Achilles’s Surgeon had informed Abe that his counterpart on Bermuda was ‘not a fellow who approved of such things’ and therefore confined himself to the Naval Base most of the time.
For a man he claimed to have fallen out with and to not, like very much, Abe thought his chief seemed to know an awful lot about Surgeon Captain Ralph McNab.
Thinking about it later he realised he ought not to have been totally surprised when he was ushered into an airy office and greeted by a man who was the spitting image of Michael Powell Flynn.
It transpired that McNab was older, by five years, than his half-brother, Achilles’s avuncular surgeon, Michael. McNab’s mother had remarried a Bostonian physician a year after his father’s death. As is often the case the two brothers◦– albeit half-brothers◦– had been broken from radically different temperamental templates and this was self-evident from the moment Captain McNab opened his mouth.
“The damned philanderer doesn’t have the courage to face me man to man!”
Abe did not care to disagree with a four-ringer.
Especially as he was half in-uniform as a pilot and half out of uniform as a surgeon-lieutenant and he got the distinct impression that Captain McNab was the sort of man who put men on charges for a lot less. The most disarming aspect of the meeting was that the elder brother had exactly the same Boston-Irish accent of his sibling, not to mention several of his mannerisms.
“I suppose Michael has sent you to raid my medical lockers?”
Abe saw no good reason to lie.
“Yes, sir. Surgeon-Commander Flynn has spoken to me of the exigencies of service especially on the Leeward Islands Station and Trinidad.”
Captain McNab had re-taken his seat and now viewed the young man before him with thoughtful eyes.
“Are you a competent surgeon, Lieutenant?”
“Not yet, sir. I plan to be one day.”
The older man reviewed Abe’s relative dishevelment.
“I never knew my father,” he said, astonishing the younger man. “You and I have that in common.
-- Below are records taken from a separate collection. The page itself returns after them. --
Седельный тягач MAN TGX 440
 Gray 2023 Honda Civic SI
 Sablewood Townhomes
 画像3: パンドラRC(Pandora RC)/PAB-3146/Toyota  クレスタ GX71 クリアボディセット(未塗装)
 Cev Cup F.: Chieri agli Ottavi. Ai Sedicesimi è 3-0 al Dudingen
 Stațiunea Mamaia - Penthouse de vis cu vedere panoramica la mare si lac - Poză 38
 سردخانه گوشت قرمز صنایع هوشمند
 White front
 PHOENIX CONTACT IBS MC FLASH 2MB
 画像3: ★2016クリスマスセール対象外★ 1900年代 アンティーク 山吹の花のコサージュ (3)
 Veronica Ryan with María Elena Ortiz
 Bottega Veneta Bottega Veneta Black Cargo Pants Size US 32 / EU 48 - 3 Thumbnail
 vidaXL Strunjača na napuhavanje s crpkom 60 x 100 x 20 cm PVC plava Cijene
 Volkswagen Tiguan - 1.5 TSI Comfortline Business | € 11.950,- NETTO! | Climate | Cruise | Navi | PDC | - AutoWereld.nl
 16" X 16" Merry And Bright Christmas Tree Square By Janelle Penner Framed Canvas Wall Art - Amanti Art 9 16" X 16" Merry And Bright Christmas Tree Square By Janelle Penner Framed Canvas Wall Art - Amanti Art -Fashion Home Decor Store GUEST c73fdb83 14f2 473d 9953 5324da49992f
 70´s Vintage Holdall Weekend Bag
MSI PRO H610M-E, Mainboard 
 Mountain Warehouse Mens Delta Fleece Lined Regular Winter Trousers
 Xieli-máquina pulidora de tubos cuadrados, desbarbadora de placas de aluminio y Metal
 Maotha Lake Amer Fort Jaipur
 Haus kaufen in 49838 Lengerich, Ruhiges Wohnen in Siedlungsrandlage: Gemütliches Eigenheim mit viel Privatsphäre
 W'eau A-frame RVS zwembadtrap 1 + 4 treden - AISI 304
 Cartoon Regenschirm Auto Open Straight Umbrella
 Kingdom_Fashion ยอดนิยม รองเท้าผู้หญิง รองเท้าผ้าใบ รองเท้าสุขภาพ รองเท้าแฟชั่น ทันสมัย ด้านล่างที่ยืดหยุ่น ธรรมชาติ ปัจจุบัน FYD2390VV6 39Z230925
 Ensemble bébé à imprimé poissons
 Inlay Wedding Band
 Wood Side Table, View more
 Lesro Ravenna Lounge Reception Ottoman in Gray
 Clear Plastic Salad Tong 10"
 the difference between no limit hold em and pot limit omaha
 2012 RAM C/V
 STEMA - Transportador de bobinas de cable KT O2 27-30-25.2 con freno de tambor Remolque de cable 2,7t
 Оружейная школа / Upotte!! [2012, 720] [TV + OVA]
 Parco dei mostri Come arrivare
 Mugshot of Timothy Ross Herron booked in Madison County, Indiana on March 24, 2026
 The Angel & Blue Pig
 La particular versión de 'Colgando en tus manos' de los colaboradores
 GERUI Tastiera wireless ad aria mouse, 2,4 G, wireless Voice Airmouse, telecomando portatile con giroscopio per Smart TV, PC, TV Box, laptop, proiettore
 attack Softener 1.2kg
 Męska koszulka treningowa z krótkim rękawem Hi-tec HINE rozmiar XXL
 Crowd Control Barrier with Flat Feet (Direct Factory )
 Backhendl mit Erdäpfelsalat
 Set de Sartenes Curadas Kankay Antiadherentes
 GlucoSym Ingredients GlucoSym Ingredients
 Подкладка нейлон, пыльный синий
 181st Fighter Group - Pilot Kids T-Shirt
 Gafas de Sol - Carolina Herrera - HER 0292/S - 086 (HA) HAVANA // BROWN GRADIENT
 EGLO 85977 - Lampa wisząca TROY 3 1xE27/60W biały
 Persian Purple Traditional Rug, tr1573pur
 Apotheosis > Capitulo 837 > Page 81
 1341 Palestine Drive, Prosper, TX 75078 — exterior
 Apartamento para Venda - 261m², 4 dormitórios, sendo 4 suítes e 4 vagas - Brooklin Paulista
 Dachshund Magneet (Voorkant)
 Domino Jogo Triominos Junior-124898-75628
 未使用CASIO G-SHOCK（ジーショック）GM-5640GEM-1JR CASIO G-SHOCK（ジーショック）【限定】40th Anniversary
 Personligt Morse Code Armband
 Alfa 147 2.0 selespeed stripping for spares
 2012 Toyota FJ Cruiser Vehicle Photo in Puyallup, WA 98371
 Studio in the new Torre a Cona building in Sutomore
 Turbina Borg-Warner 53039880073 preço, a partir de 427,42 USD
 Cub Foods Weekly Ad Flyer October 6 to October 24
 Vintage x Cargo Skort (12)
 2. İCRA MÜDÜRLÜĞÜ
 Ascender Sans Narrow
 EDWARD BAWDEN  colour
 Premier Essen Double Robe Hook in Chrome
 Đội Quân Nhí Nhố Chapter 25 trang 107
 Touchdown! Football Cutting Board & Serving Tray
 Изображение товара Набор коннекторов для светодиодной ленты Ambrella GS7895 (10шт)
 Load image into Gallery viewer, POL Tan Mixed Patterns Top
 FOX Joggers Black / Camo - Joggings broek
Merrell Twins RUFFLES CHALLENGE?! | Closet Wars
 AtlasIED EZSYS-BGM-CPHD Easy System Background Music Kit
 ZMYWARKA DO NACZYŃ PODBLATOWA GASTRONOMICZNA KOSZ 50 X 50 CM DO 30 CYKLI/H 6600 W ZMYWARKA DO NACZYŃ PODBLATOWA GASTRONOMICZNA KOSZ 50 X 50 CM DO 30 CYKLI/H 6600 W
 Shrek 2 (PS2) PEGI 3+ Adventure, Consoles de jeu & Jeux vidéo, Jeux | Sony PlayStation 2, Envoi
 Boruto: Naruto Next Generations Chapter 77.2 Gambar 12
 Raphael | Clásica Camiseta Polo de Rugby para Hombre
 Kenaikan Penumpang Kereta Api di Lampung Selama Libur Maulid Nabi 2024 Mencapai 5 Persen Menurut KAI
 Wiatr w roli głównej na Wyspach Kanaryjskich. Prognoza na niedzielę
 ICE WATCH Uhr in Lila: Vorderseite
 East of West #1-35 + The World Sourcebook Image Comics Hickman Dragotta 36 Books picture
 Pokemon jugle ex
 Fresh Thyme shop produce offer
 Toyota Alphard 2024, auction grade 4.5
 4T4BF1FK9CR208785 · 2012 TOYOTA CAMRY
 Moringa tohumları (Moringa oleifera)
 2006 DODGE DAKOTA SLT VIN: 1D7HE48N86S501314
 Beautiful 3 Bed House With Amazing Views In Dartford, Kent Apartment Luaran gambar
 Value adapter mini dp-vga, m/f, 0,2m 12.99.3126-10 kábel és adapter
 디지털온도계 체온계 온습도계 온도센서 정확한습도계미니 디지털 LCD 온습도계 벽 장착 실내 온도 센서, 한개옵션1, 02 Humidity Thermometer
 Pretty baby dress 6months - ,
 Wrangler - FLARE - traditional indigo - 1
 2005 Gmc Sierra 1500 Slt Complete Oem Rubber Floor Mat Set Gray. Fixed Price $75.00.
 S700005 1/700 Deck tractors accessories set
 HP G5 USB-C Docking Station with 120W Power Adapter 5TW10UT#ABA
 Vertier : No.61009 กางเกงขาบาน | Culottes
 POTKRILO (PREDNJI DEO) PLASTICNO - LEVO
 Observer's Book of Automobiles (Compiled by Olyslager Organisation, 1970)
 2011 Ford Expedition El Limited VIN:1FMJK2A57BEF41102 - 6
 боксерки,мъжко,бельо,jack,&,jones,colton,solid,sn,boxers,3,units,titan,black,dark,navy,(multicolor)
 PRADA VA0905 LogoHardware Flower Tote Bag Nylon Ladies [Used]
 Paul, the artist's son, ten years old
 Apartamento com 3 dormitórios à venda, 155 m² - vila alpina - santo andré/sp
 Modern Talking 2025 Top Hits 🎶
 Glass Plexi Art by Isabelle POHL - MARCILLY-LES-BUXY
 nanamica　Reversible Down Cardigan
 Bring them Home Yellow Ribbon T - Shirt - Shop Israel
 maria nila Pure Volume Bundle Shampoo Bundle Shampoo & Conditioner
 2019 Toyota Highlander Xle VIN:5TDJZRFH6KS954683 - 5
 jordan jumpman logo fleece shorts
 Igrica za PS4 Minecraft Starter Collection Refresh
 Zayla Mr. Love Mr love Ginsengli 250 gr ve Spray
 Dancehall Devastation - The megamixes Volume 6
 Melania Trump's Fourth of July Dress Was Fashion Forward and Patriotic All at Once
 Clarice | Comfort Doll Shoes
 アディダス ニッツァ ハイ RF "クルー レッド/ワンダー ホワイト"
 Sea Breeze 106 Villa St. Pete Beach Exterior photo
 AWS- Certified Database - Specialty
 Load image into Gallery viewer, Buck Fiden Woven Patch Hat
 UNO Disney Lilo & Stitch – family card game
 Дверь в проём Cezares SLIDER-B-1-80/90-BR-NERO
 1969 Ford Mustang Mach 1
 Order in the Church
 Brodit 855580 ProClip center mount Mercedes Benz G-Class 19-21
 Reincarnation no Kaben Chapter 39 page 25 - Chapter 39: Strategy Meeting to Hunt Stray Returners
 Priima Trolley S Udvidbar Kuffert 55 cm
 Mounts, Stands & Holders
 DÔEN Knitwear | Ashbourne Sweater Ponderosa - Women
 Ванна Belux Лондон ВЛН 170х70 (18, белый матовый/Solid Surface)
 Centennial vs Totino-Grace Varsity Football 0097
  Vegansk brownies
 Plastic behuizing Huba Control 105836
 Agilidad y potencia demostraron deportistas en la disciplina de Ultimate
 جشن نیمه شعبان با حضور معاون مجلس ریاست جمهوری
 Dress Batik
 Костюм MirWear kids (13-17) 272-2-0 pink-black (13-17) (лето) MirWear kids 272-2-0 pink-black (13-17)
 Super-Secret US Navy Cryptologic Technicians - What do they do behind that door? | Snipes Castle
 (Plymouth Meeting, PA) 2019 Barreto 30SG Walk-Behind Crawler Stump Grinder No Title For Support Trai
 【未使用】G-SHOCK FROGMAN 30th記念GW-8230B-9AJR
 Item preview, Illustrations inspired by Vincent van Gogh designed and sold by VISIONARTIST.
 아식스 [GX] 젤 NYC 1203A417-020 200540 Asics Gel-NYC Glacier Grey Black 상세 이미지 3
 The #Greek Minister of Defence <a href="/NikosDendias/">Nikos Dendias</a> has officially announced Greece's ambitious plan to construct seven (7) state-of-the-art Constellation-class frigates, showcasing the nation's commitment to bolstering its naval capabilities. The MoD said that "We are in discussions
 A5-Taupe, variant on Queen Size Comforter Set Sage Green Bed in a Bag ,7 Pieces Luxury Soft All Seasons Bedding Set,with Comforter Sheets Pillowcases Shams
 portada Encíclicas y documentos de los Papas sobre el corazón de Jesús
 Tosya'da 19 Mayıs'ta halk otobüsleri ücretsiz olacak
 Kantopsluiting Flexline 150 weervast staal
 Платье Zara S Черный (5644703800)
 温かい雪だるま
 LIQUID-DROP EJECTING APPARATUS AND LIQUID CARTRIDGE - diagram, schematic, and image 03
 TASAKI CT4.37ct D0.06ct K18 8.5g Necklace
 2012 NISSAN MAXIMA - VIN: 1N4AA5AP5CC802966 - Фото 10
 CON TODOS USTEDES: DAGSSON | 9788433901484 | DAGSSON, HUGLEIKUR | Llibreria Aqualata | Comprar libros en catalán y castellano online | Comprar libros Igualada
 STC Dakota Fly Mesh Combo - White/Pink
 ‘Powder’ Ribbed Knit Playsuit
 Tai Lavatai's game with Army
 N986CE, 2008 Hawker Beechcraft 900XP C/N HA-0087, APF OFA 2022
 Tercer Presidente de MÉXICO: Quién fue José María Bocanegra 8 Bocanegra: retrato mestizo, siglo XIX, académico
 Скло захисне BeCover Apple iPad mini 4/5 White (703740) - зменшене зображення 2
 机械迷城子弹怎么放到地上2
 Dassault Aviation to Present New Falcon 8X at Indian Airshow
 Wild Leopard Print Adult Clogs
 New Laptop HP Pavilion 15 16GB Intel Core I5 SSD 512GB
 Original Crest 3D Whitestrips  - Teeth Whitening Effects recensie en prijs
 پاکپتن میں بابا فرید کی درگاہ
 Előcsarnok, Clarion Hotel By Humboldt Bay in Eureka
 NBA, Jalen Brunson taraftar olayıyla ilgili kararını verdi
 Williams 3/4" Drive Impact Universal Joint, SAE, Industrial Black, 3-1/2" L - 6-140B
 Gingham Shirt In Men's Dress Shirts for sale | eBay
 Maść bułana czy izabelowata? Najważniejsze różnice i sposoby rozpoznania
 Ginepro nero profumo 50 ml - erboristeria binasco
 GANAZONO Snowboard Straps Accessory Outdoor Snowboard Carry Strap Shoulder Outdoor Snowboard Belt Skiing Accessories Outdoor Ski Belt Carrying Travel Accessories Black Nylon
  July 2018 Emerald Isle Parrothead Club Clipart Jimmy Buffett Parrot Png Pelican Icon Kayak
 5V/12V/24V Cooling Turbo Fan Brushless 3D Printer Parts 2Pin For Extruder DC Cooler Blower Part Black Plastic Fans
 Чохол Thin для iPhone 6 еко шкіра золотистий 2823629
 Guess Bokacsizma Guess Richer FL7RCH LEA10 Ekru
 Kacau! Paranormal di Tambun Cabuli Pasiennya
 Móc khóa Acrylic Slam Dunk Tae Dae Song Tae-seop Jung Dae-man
That and the contagion that is my brother.”
Abe kept his mouth firmly shut.
Albert Stanton had observed that ‘being famous cuts two ways and not invariably in the ways you’d like it to.’ Thus far, the Navy had shielded Abe from the worst of that.
“That was unfair,” McNab apologised punctiliously. “Often it is best to separate family and service matters. Never the twain shall meet, and all that. I take it Michael sent you over with a list?”
“Yes, sir.”
“Leave it with my secretary,” the older man decided, indicating that the interview was concluded.
Chapter 22
Easter Saturday 25th March
Hacienda de Cortés, Navalperal de Tormes, Avila
Albert Stanton had initially feared he had broken three or four bones◦– important ones◦– after he had finally come to rest against the bowl of a gnarled olive tree in the fading light of yesterday afternoon. In retrospect he was to reflect that it was a miracle his spectacles had survived undamaged, stowed at the last minute in an inside pocket of his jacket before he had fallen into the void. He had lain very still for some minutes before the pain started to ease and air slowly, gaspingly, re-filled his lungs as his parachute billowed around, and eventually over his prostrate form.
He had taken Paul Nash’s◦– the man had to be a spy or some kind of special forces soldier whom he hoped, fervently, was actually on his side but would have been hard-pressed to testify under oath that he was entirely convinced he was◦– talk about Portugal with a pinch of salt. It would not have been the first, or the last big lie the man had told him.
Portugal was a friendly country: why on earth would they be parachuting into it like thieves in the night (and heavily-armed ones at that)?
‘Bend your knees and roll when you hit the ground,’ had been another lie. For one, it pre-supposed you knew you were about to ‘hit’ the ground, when in fact, ‘the ground’ had ‘hit’ him first!